2.4. Data analysis
We performed all statistical analyses in R (R Core Team, 2021).
In a first step, we analysed the chemical and physical parameters of
collected sediments by means of a Principal Component Analysis (PCA)
with the function ‘prcomp’. To detect possible shifts in physical and
chemical parameters of collected sediments among transects (HP – MP –
LP – C), sections (I – II – III – IV) and caves (Bossea, Caudano,
Pertosa-Auletta and Vento), we applied a Permutational Multivariate
Analysis of Variance (PERMANOVA, Anderson, 2001) based on Euclidean
distances, specifying transects, sections and caves as factors, with the
function “adonis” from the vegan package (Oksanen et al.,
2019).

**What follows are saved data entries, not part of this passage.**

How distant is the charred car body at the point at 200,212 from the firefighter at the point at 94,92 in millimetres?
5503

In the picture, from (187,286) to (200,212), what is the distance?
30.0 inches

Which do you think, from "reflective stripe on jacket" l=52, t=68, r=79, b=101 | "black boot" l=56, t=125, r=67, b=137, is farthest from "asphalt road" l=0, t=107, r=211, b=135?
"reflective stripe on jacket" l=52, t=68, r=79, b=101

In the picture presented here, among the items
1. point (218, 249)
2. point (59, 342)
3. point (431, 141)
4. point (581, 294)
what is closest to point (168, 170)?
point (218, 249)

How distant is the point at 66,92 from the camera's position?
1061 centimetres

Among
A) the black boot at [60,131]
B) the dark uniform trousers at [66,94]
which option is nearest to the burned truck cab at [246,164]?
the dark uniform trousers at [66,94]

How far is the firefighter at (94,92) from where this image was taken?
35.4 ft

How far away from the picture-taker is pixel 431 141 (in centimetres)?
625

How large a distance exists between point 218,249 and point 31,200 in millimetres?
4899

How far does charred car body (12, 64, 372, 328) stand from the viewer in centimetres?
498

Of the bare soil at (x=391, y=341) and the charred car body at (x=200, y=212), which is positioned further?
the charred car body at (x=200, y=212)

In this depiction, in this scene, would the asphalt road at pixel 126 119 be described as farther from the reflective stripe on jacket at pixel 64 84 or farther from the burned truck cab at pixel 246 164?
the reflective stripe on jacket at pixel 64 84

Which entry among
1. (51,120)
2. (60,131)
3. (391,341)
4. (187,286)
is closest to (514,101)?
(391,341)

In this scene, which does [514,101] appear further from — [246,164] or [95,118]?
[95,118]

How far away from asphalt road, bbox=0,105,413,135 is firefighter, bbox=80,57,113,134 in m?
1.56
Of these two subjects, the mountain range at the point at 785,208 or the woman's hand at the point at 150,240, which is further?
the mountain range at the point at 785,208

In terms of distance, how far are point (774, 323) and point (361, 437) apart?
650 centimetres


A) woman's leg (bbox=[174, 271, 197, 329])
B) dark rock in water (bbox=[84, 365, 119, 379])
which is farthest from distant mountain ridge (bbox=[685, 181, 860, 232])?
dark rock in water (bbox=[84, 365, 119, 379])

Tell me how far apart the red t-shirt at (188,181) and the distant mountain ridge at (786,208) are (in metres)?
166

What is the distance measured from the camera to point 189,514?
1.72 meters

Statistical significance was tested via 9,999 random
permutations.
Before proceeding with statistical models, we converted the two factors
of our two-factorial sampling design, namely sections and transects,
into ordinal variables in order to effectively represent a gradient of
progressive distance from the cave entrance (Sections: I = 1, II = 2,
III =3) and from the tourist path (Transects: HP = 1, MP = 2, LP = 3).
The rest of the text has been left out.